# Ims or Vst baskets with Sage Grinder Pro



## Asgross (Jun 14, 2015)

Since switching to an Ims basket ( last Wednesday) from a cheap generic basket my sage grinder pro could not seem to grind fine enough......

Until it broke !

Sage are replacing the grinder with a new one ( credit to them straight swap my broken one for a new boxed one)

I just wondered if my grinder was already mal functioning and that's why it couldn't grind find enough for the new Ims basket or if sage grinders will never be able to grind fine enough for Ims or Vst baskets

Thanks


----------



## jlarkin (Apr 26, 2015)

Should grind fine enough, probably, I found it got quite clumpy so needed some twiddling and that annoyed me enough to move it on. Others have had them and been happy.

What machine is it being used with?


----------



## Asgross (Jun 14, 2015)

A gaggia classic and the sage was fine with a non branded basket

But I changed to Ims and it seemed to run much faster - too fast,

I couldn't get the grind fine enough on the finest setting !( I know the sage has its detractors- but it was ok before) And then the grinder broke

So I don't know if it's a problem that sage grinder pro and its is not upto using with a Ims basket or is it my sage was already breaking.

Sage are sending me a new grinder tomorrow and I'm looking for confirmation that others successfully use Ims and vst for espresso

If it's too much for the sage


----------



## jlarkin (Apr 26, 2015)

Asgross said:


> I'm looking for confirmation that others successfully use Ims and vst for espresso
> 
> If it's too much for the sage


That's what I was answering I used it with a VST. It clumped but would grind finely enough.

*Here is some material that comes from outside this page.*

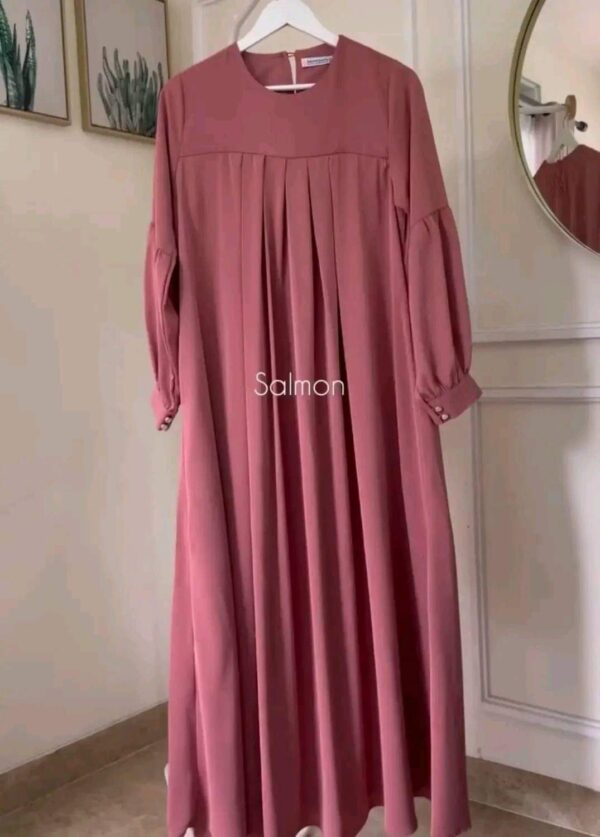 New Kuchi Gown-3 Burqa নতুন আসা! কুচি গাউন-৩ বোরকা 🌟 - Image 3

IMO the machine will have an impact on how finely you have to grind, so it might affect what others tell you to know it's with a Classic. Also the type of bean, some seem to need a finer grind.

The VST has more holes then most stock baskets so does usually require a finer grind, can't speak to the IMS one


----------



## Asgross (Jun 14, 2015)

Thanks -your answer is helpful.

Do you recall approximately what grind setting number you were grinding on for vst basket - I'm just wondering if you were grinding with the sage close to it max capacity

Just before my sage packed up it was at its max and still not find enough - could have been the fault ?


----------



## jlarkin (Apr 26, 2015)

Asgross said:


> Thanks -your answer is helpful.
> 
> Do you recall approximately what grind setting number you were grinding on for vst basket - I'm just wondering if you were grinding with the sage close to it max capacity
> 
> Just before my sage packed up it was at its max and still not find enough - could have been the fault ?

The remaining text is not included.